In each case, the student is using a simple dynamic: blame someone else for her error.
I say, ignore the tendency to respond by being affronted by the disrespect lurking in the shadows, or even the defiance standing at full attention. Address the challenge head on.
"Well Susie," the teacher might say, "Let's test the theory."
"Class, I need you to answer the next few questions as honestly as possible? How many of you remember how I notified you that the homework/project/assignement was due today?"
"You told us Wednesday in class."
"It's on the board right behind you."
"Don't you have all the assignments posted on your web page?"
"I put it in my agenda book."
"Question two: Does anyone have an idea for how I might make it easier for everyone to remember their due dates and assignment schedule?"
"You could put in on a calendar."
"You could tell us to write it in our agenda books."
"You could send us an email or a text."
Now, of course, most teachers are not going to want to send out assignment alerts via email or text, but you get the idea.

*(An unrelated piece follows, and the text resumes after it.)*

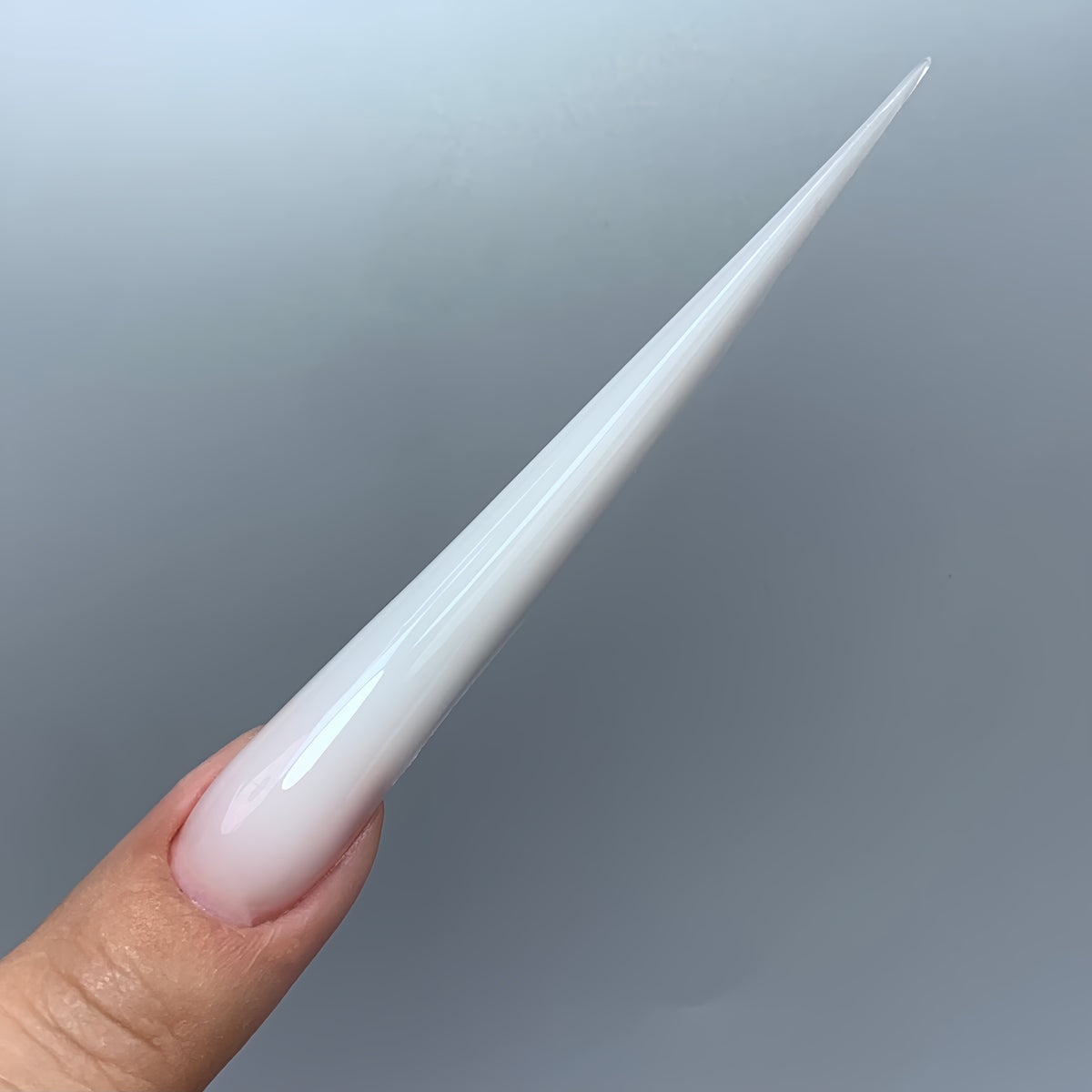 Asymmetric Ferrari gel nails made with COZURU C13 forms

I think early in the school year, teachers should review a small number of rules for classroom engagement. Something like this:
1. Bring required materials.
2. Copy assignments from the board during class warm-up or closure period.
3. Adrress absolutely everyone respectfully while in the confines of the classroom, including the teacher.
Then ask the students what other rules they think should be followed, and how they should be enforced. The funny thing is that invariably, the students know how school should work, and their mechanism for enforcement and penalties for irresponsibility are often mre severe than the teacher can or will enforce.
Also important: the class need not adopt all the suggestions. The teacher can simply explain where the suggestions are inappropriate, and offer alternatives to the unsupportable ideas. In the end, the teacher is still the authority for which rules and expectations will stand.
The value of the exercise at the early part of a year or semester is that academic indifference - or even the disrespectful comments noted in the intro. - can be bluntly and directly addressed when they occur.
The student who claims that notification was absent or ineffective cannot deny that notification methods have been common practice throughout the year. [Important warning here: in those instances where circumstances have prevented the teacher from notifying according to the plan, the teacher will need to make allowances. For instance, for an assignment that didn't make it to the teacher web page, or wasn't posted on the board, the teacher must give the student to the end of the day, or even allow for the item to be submitted a day late without penalty depending on the circumstances.]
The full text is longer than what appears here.